I do sympathise with you MrsPeel. We used to live in town centre with 3 other flats, each of us with designated parking space and one visitor's space. The visitors spot was regularly taken with non visitor cars and even our designated space was sometimes bagged, despite restriction notices. When our space was taken I got into the habit of parking behind offending vehicle, blocking them and leaving my contact details. Needless to say I was slow to appear when they wanted to leave so they weren't regular offenders. When we had visitors they parked behind our car as it wasn't worth the stress of sorting it. I'm sure your approach is the right one as life is short and these situations eventually resolve one way or another.

tigger Sun 05-Mar-17 11:59:13

Ah, the joys of living in a flat and the car parking issues. One of the reasons why we moved back into house.

MrsPeel Sun 05-Mar-17 13:56:19

I agree Tigger, I'm working on it. A nice little house with off road parking smile

Penstemmon Sun 05-Mar-17 19:25:16

When the unauthorised car is not in the parking place I might be tempted to find another car to be parked there and nobody claim it!

Yorkshiregel Mon 06-Mar-17 09:01:28

I would think that if you have a sign saying 'Park at your own risk' they wouldn't have a leg to stand on if they got their car damaged. It is a visitor's car space isn't it, so it is shared by all.

CardiffJaguar Mon 06-Mar-17 11:04:54

The freeholder/landlord is the one to approach about your problem. Within the terms of management of your block of flats there is detail of the management and that is where you start your approach to get this sorted out. It is not for any one individual to decide what can be done.
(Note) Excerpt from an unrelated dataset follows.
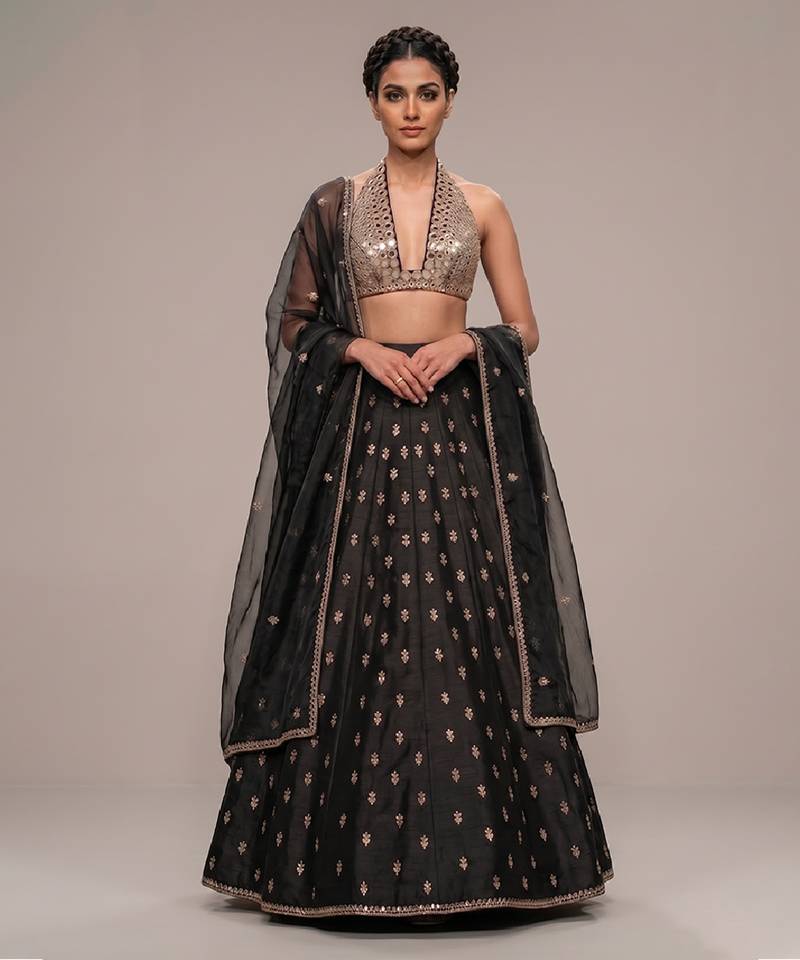 black embroidered raw silk lehenga set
MrsPeel Mon 06-Mar-17 18:59:07

Thanks CardiffJaguar but all flat owners hold the freehold equally. There is no landlord we are a a limited company. Decisions are made at the AGM together when we all agreed neighbours could not use the carpark. One flat owner (who owns 1/9th of the freehold) decided to go against this. So if one flat doesn't comply an extraordinary meeting would have to be called or we could wait for the next AGM. Or the directors could speak to the individual not complying, which they have done and have been shouted at. Plus the offender has had official notice on headed paper but they have argued they have permission off this one flat owner and have continued to park there. The management company does not make decisions they arrange contractors at our instruction, prepare and file accounts (after being agreed by the owners and signed by the directors). It works well until in the main, until now.